◆ PROBLEM TO SOLVE ◆
Though the records contain pictures, copy none of them; repeat exactly the lines from the one with "用自己姑娘打窝，也是个狠人啊[捂脸哭]" to the end.

───

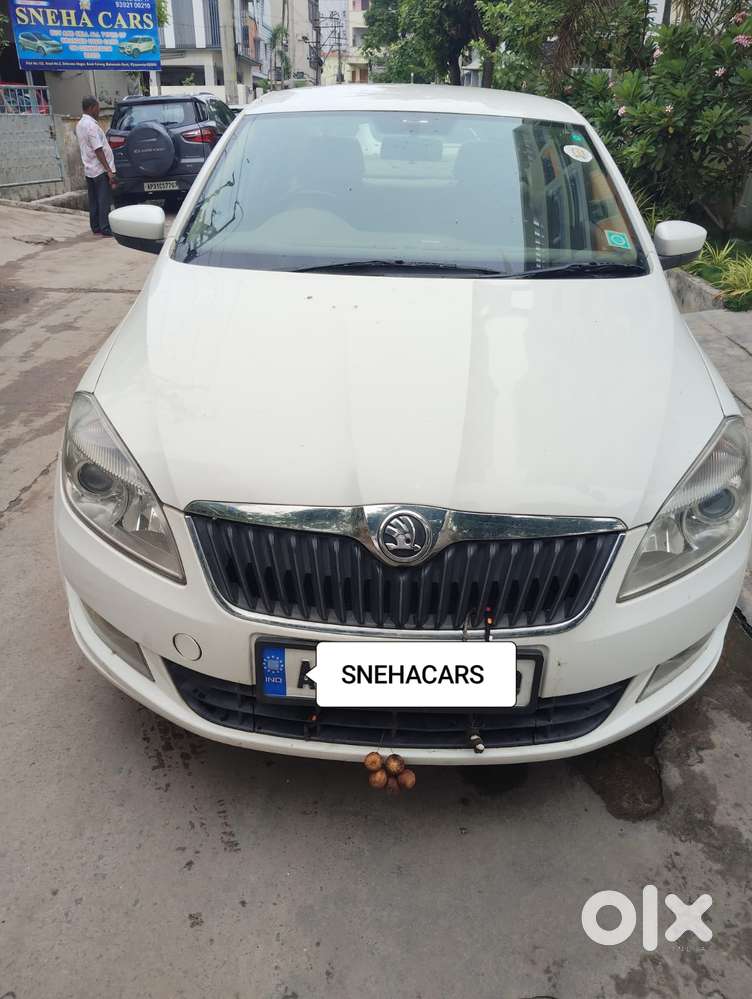Skoda Rapid 1.5 Tdi Cr Elegance Plus, 2014, Diesel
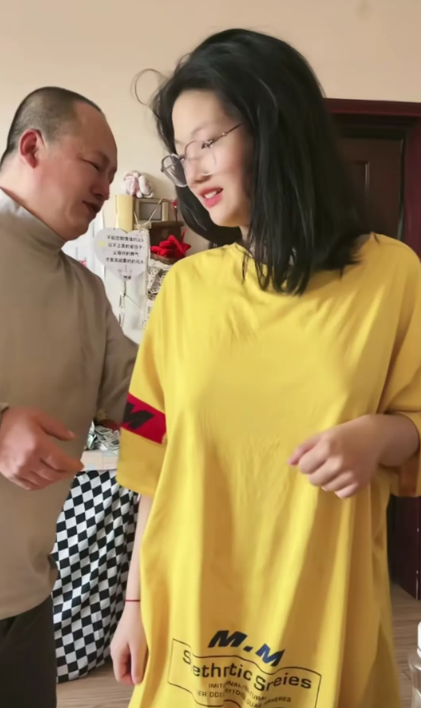 用自己姑娘打窝，也是个狠人啊[捂脸哭]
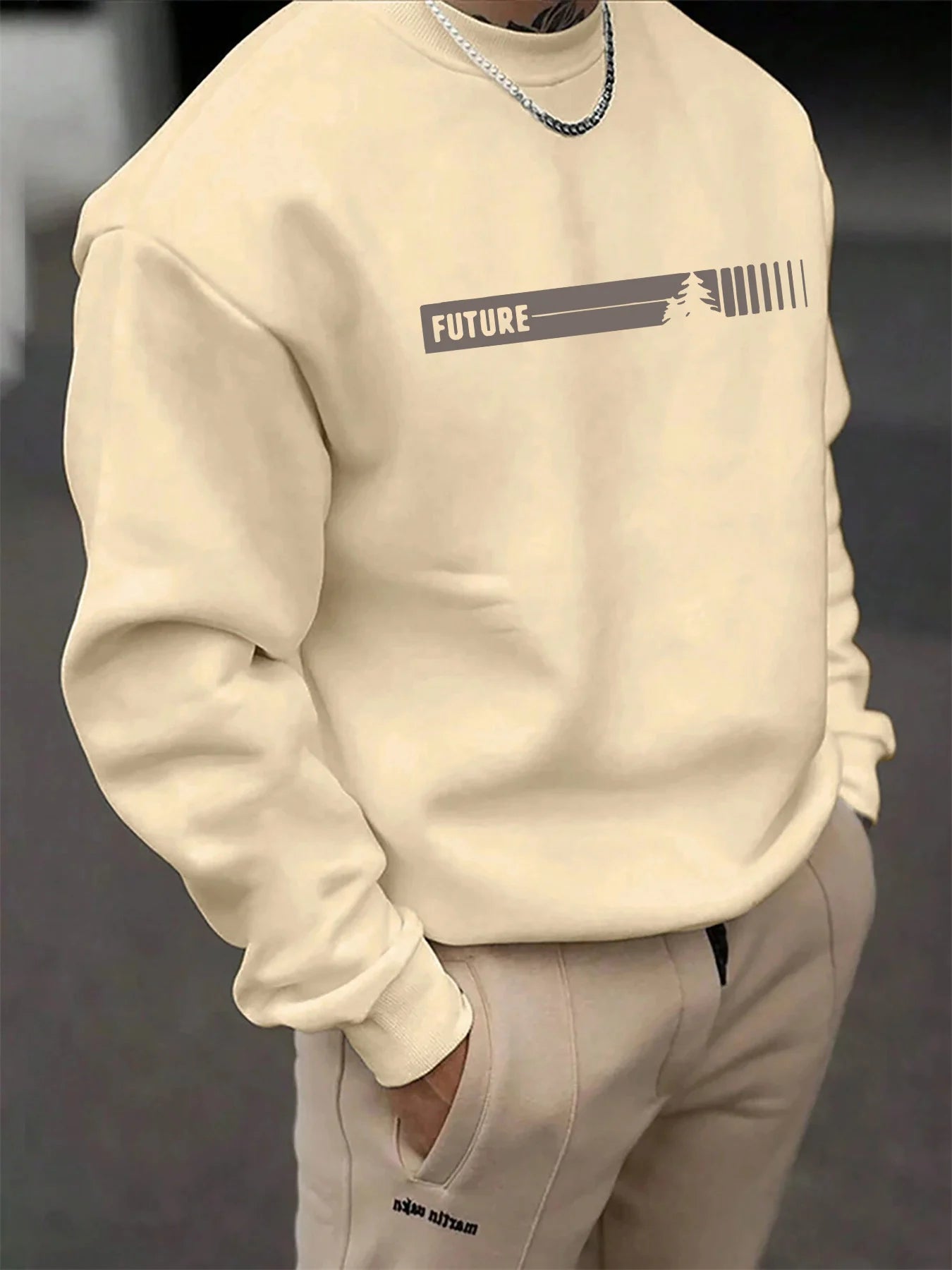 Men's autumn and winter fashionable casual loose futune long sleeved round neck sweatshirt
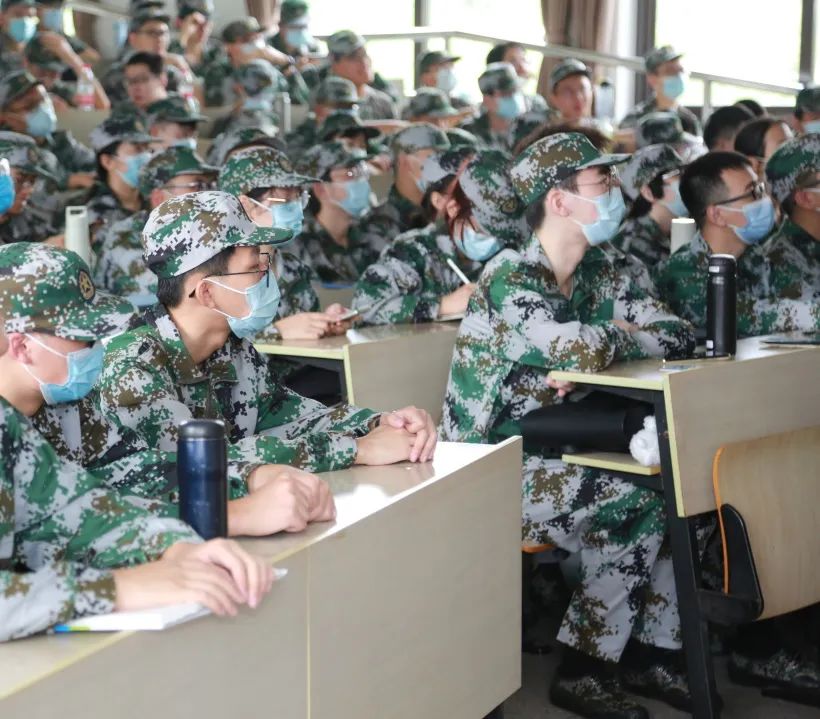 军训英姿飒爽的背后是汗水换来的,军训用汗水向青春致敬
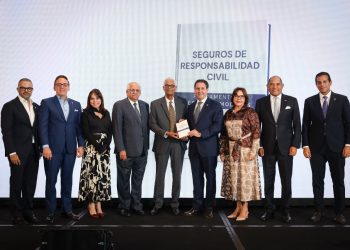 Universal impulsa la educación con el auspicio de un libro sobre seguros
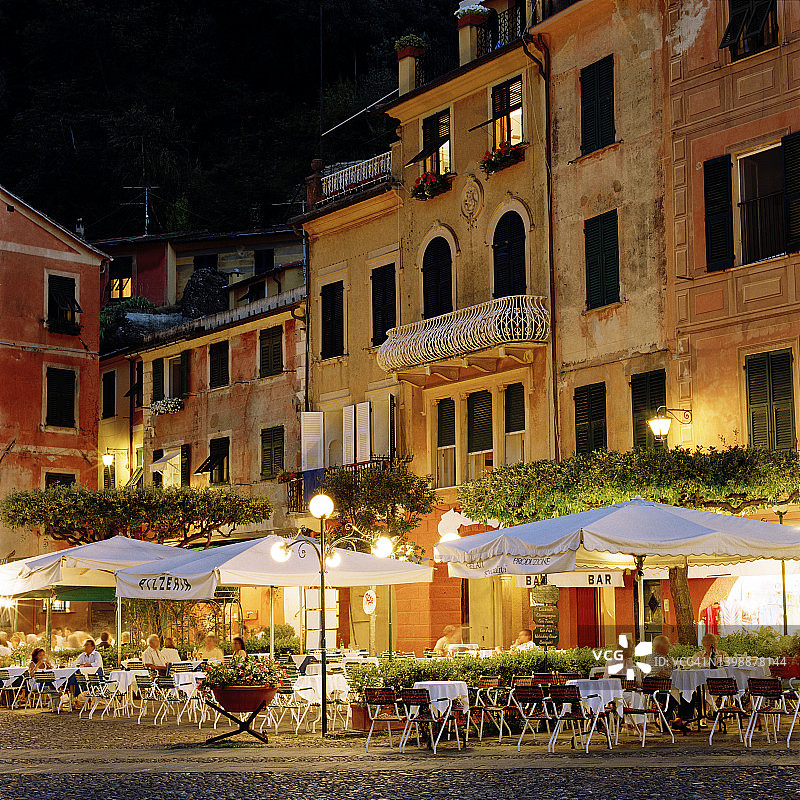 在意大利菲诺港广场户外用餐的人们图片素材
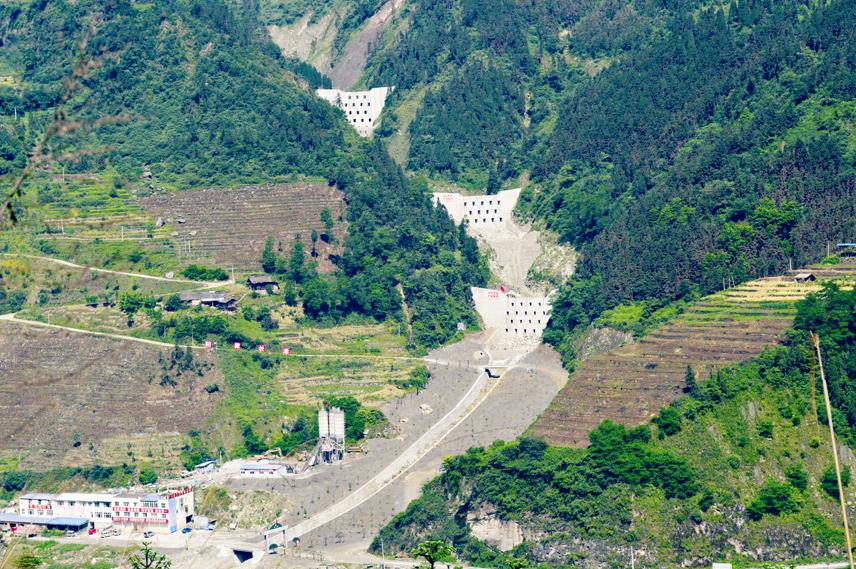 汶川县张家坪沟泥石流应急治理工程全景.jpg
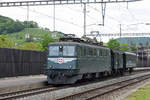 Überfuhrfahrt mit der Ae 6/6 11421, dem F 17463 und dem C2 5906. Hier durchfährt der Zug den Bahnhof Gelterkinden. Die Aufnahme stammt vom 28.05.2019.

───

◆ WRITTEN RESPONSE ◆
 用自己姑娘打窝，也是个狠人啊[捂脸哭]
 Men's autumn and winter fashionable casual loose futune long sleeved round neck sweatshirt
 军训英姿飒爽的背后是汗水换来的,军训用汗水向青春致敬
 Universal impulsa la educación con el auspicio de un libro sobre seguros
 在意大利菲诺港广场户外用餐的人们图片素材
 汶川县张家坪沟泥石流应急治理工程全景.jpg
 Überfuhrfahrt mit der Ae 6/6 11421, dem F 17463 und dem C2 5906. Hier durchfährt der Zug den Bahnhof Gelterkinden. Die Aufnahme stammt vom 28.05.2019.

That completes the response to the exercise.